Problem description => Look below for the line holding "Marvel Spider-Man Miles" and the line holding "Colorful Patchwork Beach". Repeat those two and everything between, exactly.

Material provided =>
◇ ◇ ◇ ◇

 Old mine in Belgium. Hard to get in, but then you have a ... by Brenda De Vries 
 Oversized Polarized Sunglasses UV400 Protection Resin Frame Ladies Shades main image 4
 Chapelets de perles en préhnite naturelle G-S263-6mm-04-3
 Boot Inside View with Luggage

◇ ◇ ◇ ◇

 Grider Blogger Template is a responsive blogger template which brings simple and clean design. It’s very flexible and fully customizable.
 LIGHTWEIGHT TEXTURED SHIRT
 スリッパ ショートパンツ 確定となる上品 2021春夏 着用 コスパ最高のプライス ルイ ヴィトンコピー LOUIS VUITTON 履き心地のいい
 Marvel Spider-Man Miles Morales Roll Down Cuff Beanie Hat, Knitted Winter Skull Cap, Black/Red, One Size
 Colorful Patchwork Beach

◇ ◇ ◇ ◇

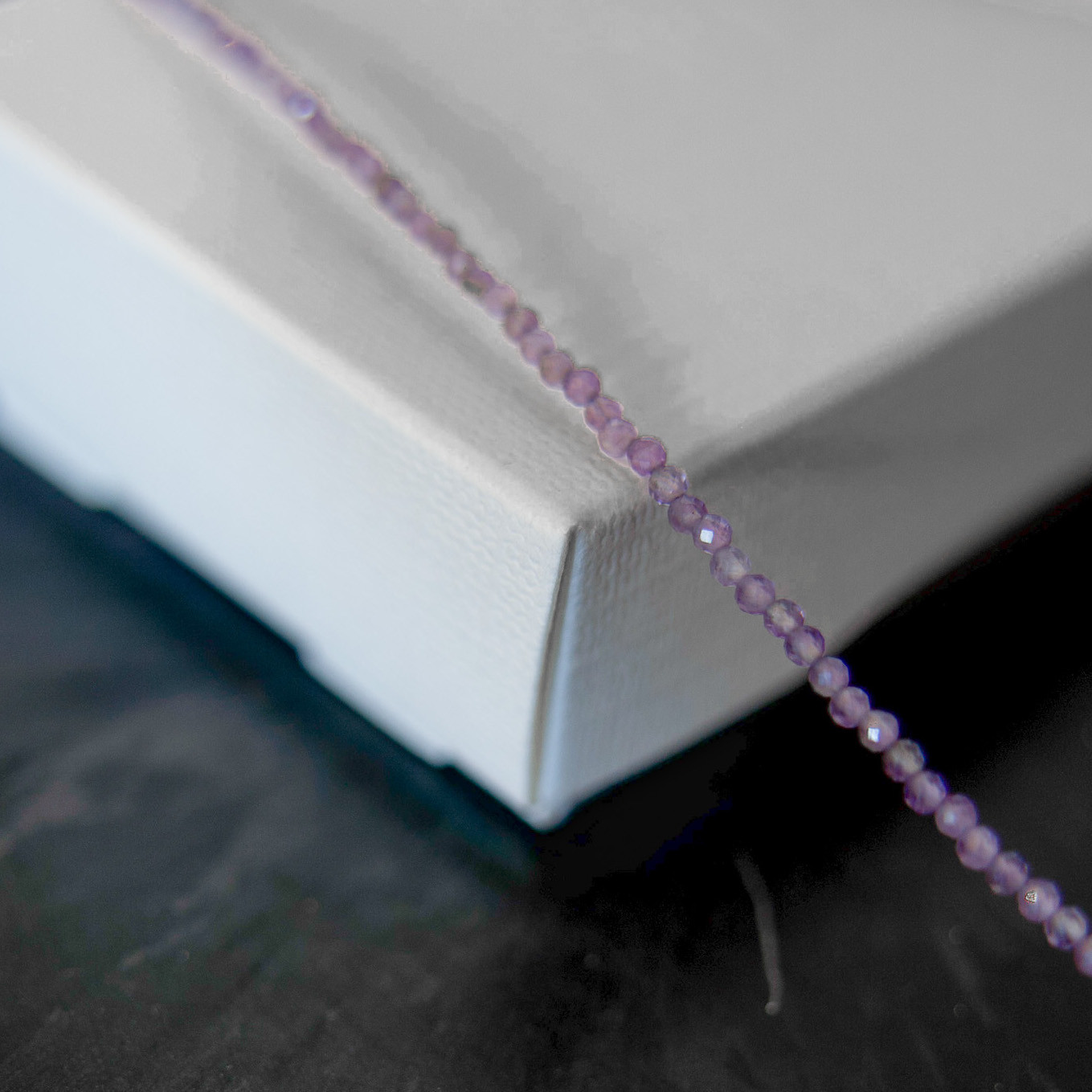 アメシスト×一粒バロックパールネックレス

◇ ◇ ◇ ◇

Output below =>
 Marvel Spider-Man Miles Morales Roll Down Cuff Beanie Hat, Knitted Winter Skull Cap, Black/Red, One Size
 Colorful Patchwork Beach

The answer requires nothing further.